The paper did add, though, that the lack of any details or timetable on the actual dismantling of North Korea’s nuclear capabilities was “somewhat unfortunate.”

For his part, Moon, a liberal president who was arguably the major driving force behind the meeting between Trump and Kim, attempted to play up the hopeful voices in his country and discredit the skeptical ones.

South Korean President Moon Jae-in presides over a National Security Council meeting June 14 in Seoul.
(Presidential Office )

“South Koreans are enthusiastically supportive of the outcome of the U.S.-North Korea summit,” Moon told Secretary of State Mike Pompeo on Wednesday, according to Moon’s spokesman. “A few experts are giving low marks to the summit results, but that is a far cry from the public sentiment.”


A Gallup poll released Friday did appear to back Moon’s assertion. In a survey of about 1,000 South Koreans, 66% said they thought the summit was successful, with just 11% saying it was not. More than half the respondents said they believed North Korea would stick to its pledges, while about a quarter said they didn’t think it would.

A separate poll two weeks earlier, before the summit, found a sharp jump in South Koreans’ attitudes toward Kim, with 31% expressing a positive view, up from 10% in March.

J.S. Choi, a 70-year-old businessman, was among the skeptics. He said he gave little weight to the vague promises of the North Korean leader.

“Kim Jong Un is like a rugby ball. You never know where it’s going to bounce,” said Choi, who runs an import-export company. “We’ve been through this before, we’ve been lied to before. What’s actually been accomplished?”


Choi was flipping through a book on Kim Il Sung at a Gangnam bookstore, where the section on books about North Korea was largely deserted Friday afternoon. Far busier were sections on self-help, employment exams and cryptocurrency.

A South Korean soldier in army fatigues on leave from his base in the border region of Cheorwon said he had been too busy with his day-to-day duties to watch the summit or read about it. He said he hadn’t heard about the discontinuation of military exercises, and with six months left in his military service, which is required of all South Korean men, he was preoccupied with looking for a book on the civil service exam.

Choi, though, had read through almost all the hot new books on North Korea. He said what really mattered were the behind-the-scenes working-level talks between Trump’s and Kim’s deputies, the details of which haven’t been made public.

As for the talks, which he watched live from his home in Seoul, he said: “It’s just words. A feast of words. A festival of words.”


Among his friends, members of a generation that remembers the tensions following the Korean War, negative responses to the summit were predominant, he said. That especially seemed to be the case for friends who emigrated to the U.S., many of whom he said left the country fearing another war with North Korea.

Younger South Koreans appeared more eager to do their part to make entreaties across the demilitarized zone separating the two Koreas.

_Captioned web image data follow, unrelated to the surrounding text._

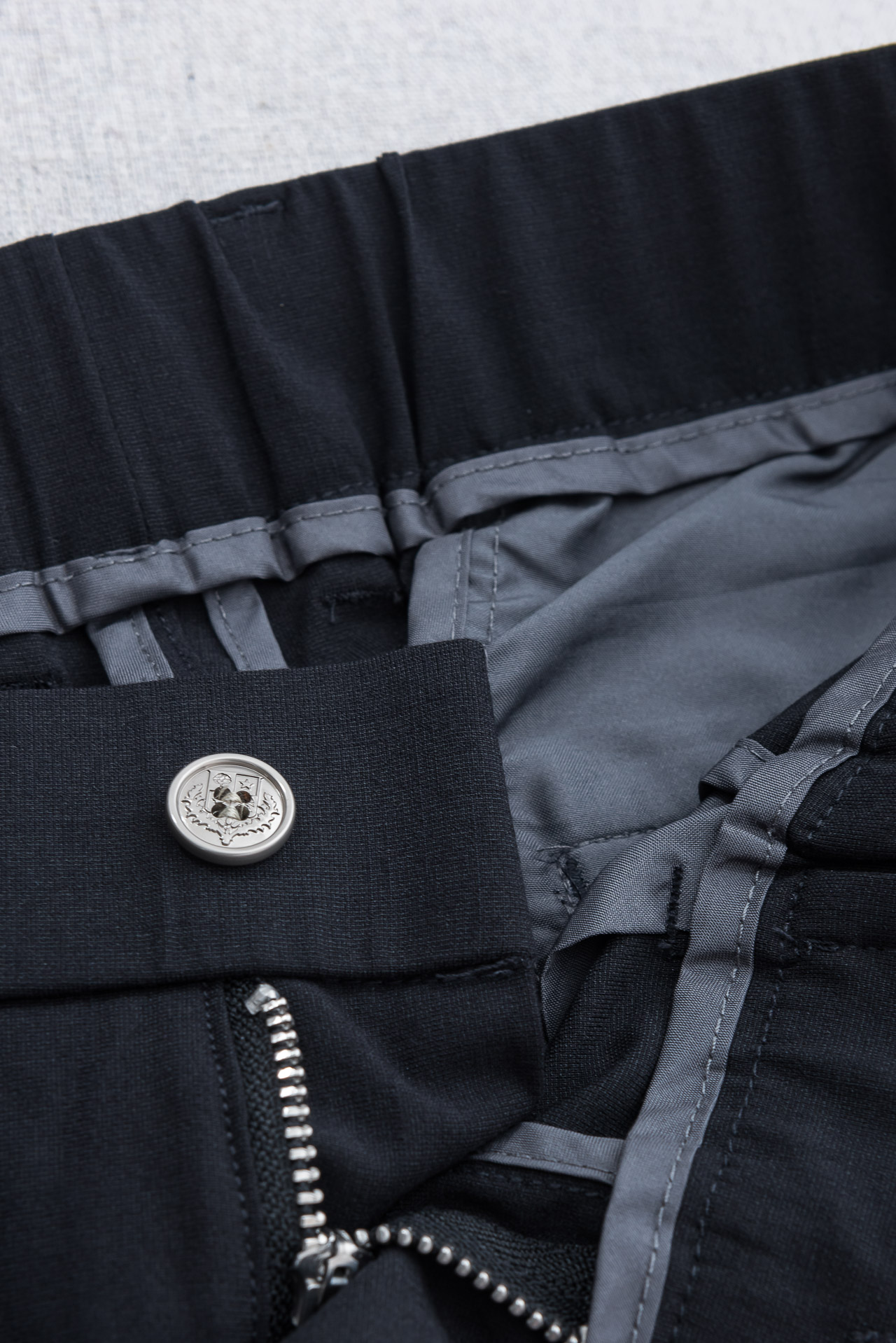 Loro Piana诺悠翩雅26ss春夏轻奢时尚定制休闲西裤，简洁干练的风格，精致卓越的品质男装，每款的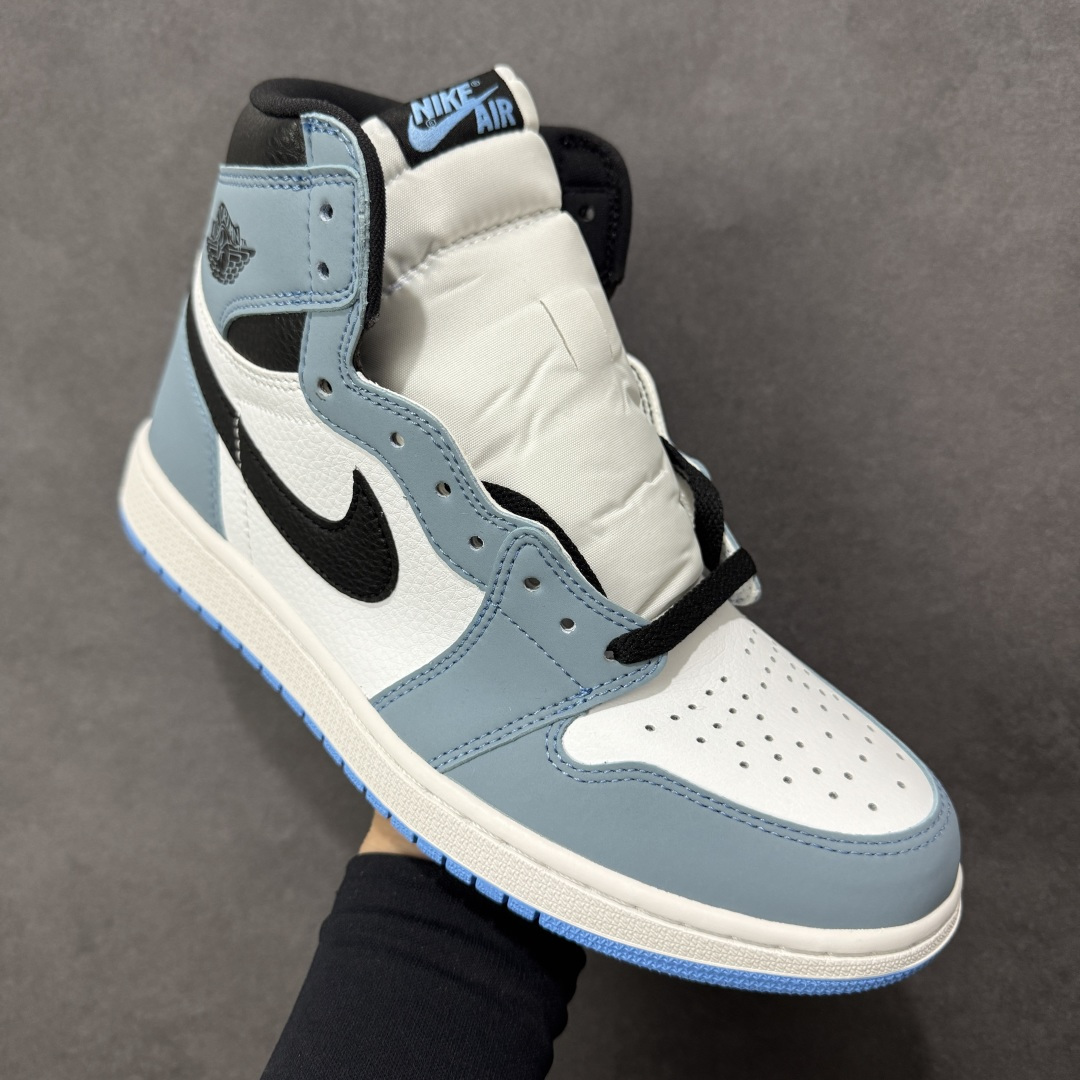 图片[3]-【H11版本】耐克Nike Air Jordan 1 Retro High OG AJ1代经典复古经典高帮百搭文化篮球鞋 555088-134 公司级真标半码制#原档案原数据开发版型#采用荔枝纹头层皮革鞋面材质#原厂立体填充鞋舌海绵#中底注胶孔及缜密中底拉帮工艺#原数据开发模具大底 尺码： 35.5 36 36.5 37.5 38 38.5 39 40 40.5 41 42 42.5 43 44 44.5 45 46 47.5 48.5 编码：H11B290300-选品中心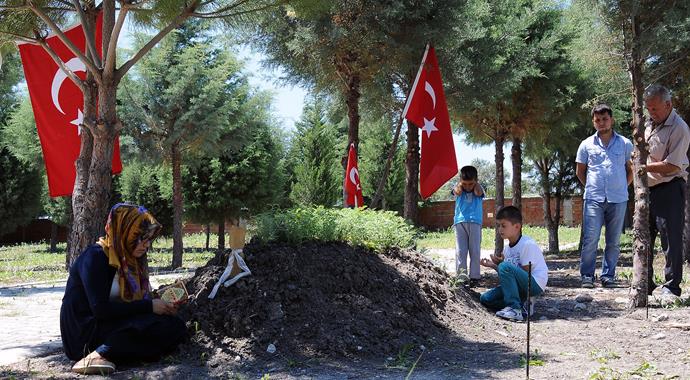 Madencilerin çocukları karnelerini aldığı gibi mezara koştu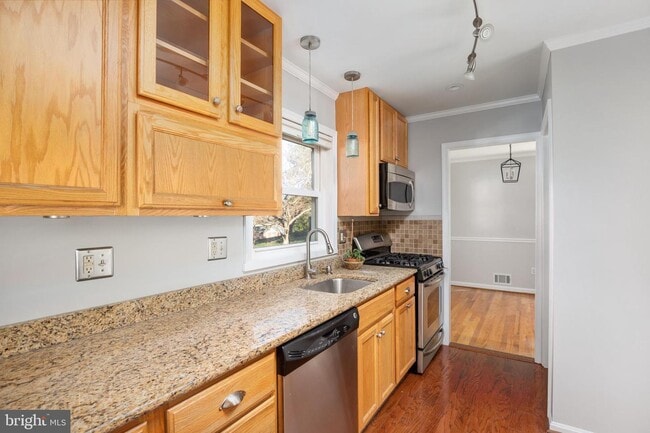Building Photo - 6406 Hillview Ave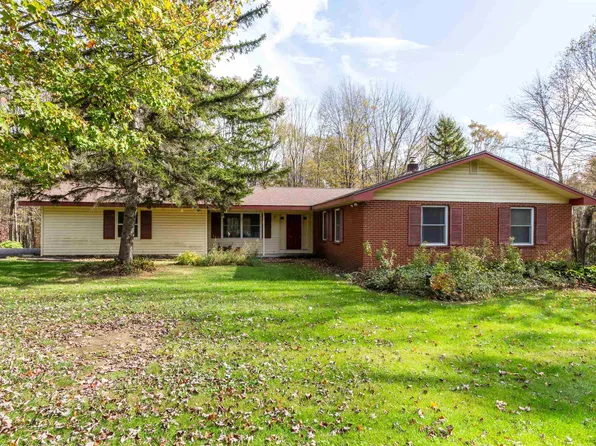 9 Walden Woods, Essex, VT 05452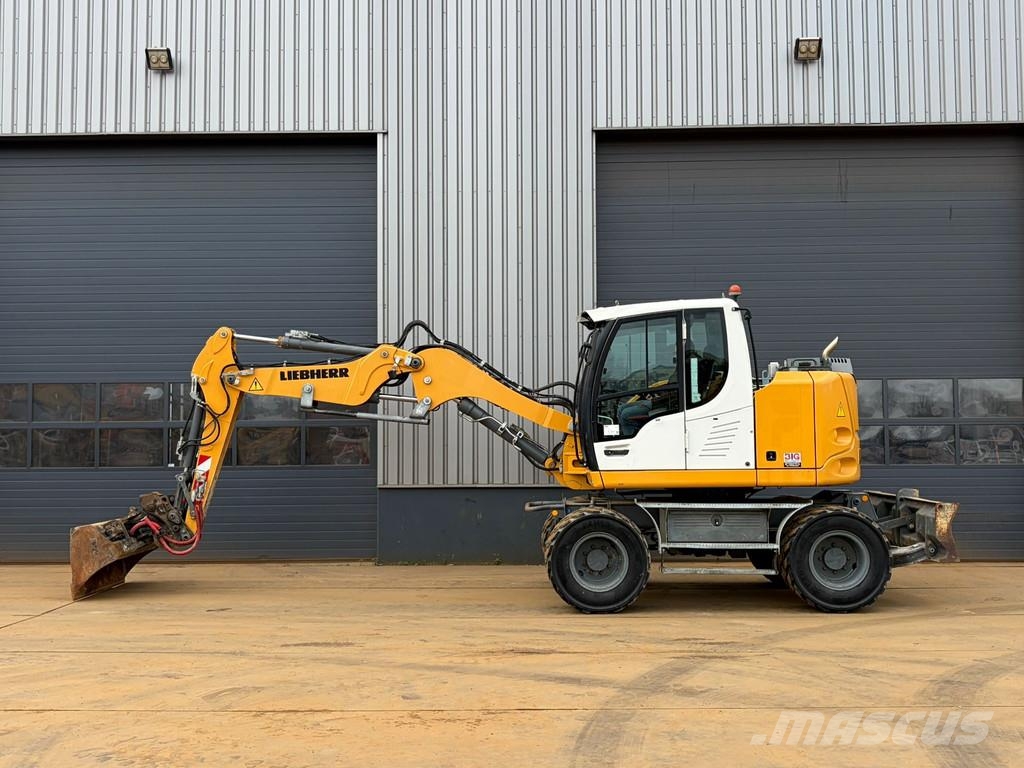 Liebherr A910 Compact Gumikerekes kotrók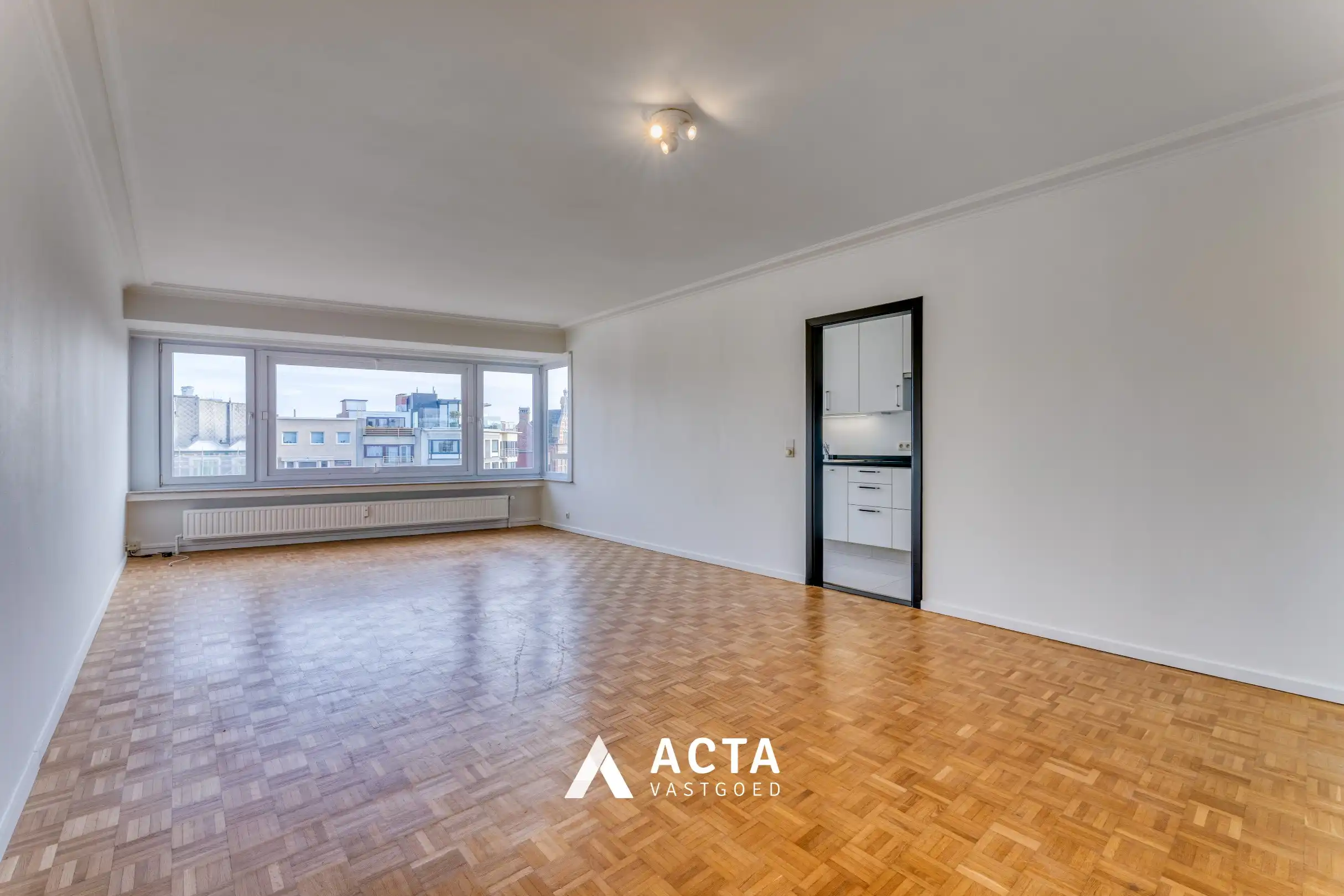 Appartement met twee slaapkamers op het Leopold I-Plein foto 3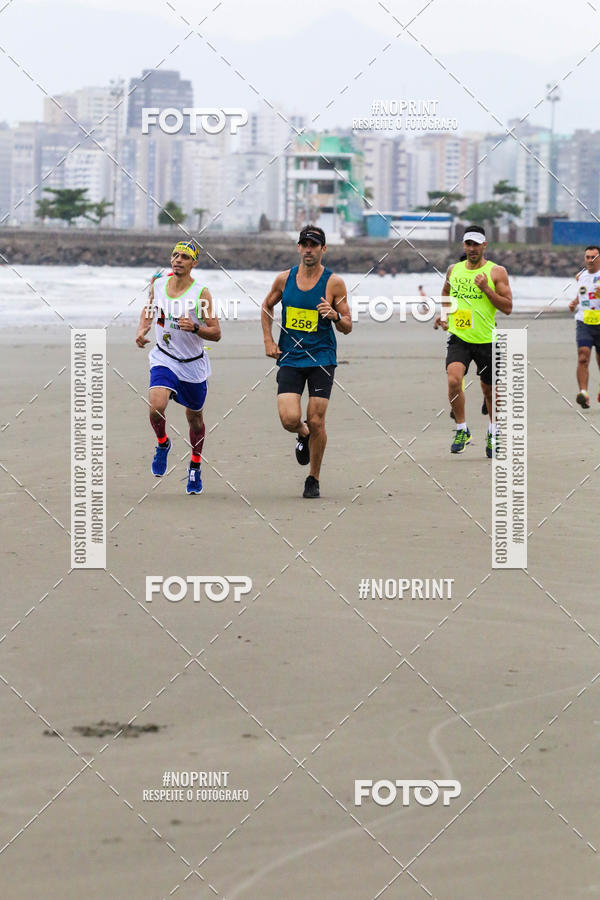 Buy your photos of the event2 ICE RUN 6K on Fotop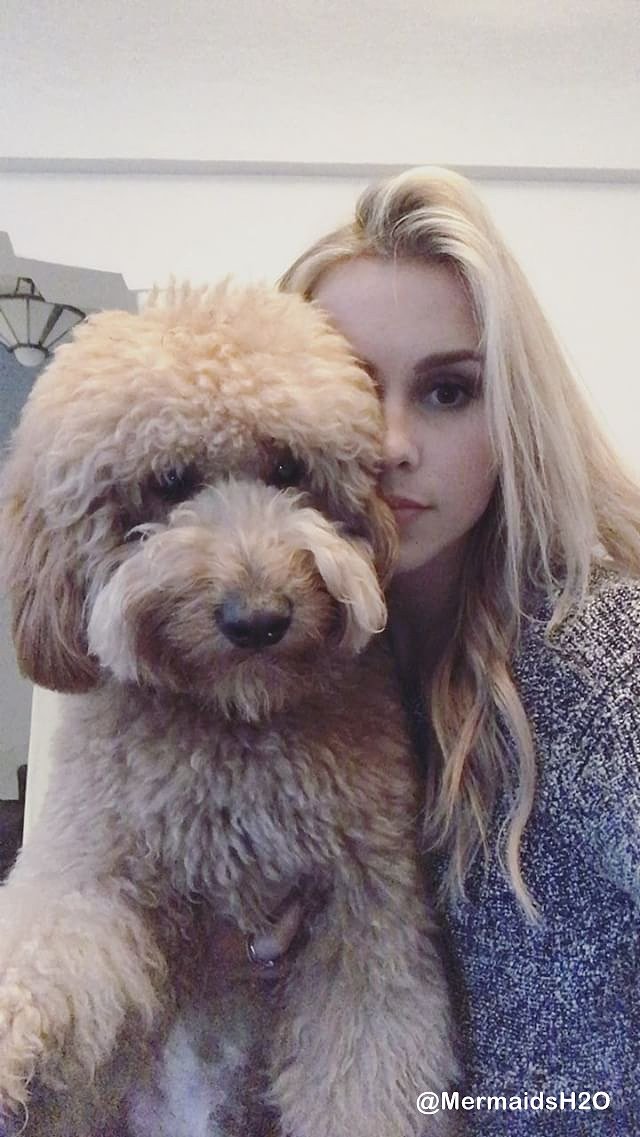 Claire Holt con su perro Henry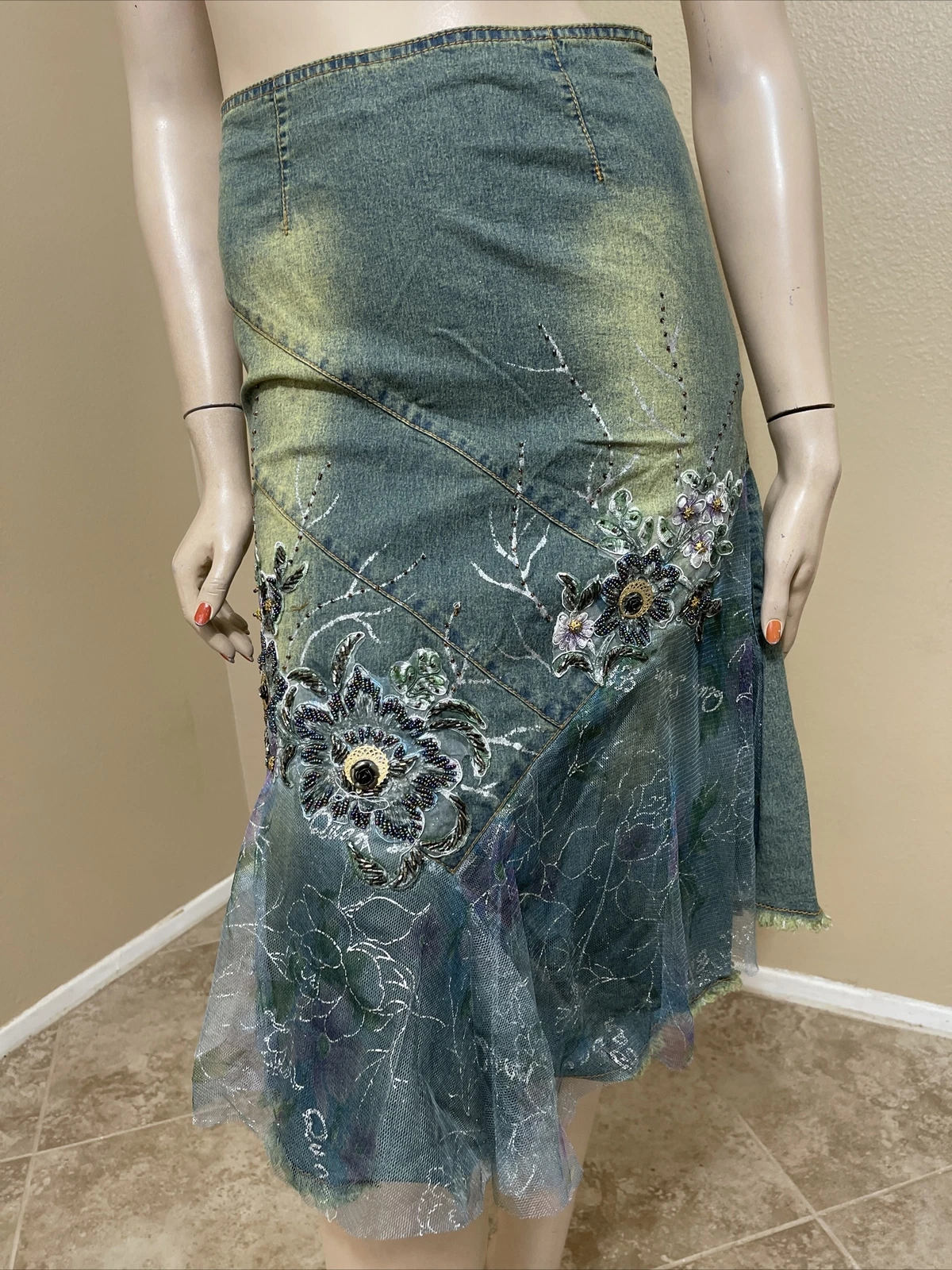 Women’s Aquamarine Denim Cotton Boho Beads Lace Stretch Size L(8-10) Skirt 3256
Opens in a new windo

Students at Seoul National University said Friday they sent an email to their counterparts at Pyongyang’s Kim Il Sung University, suggesting they meet in the North Korean capital as soon as this summer. They told reporters they were able to confirm that the email was read, and were anxiously awaiting a reply.

Lee, the nonprofit worker, was more tempered in her enthusiasm. She said the meeting between the U.S. and North Korea was significant but said the talks also carried risks of relations deteriorating if they fall through. She said she found it disappointing that Moon appeared to not have been fully looped in.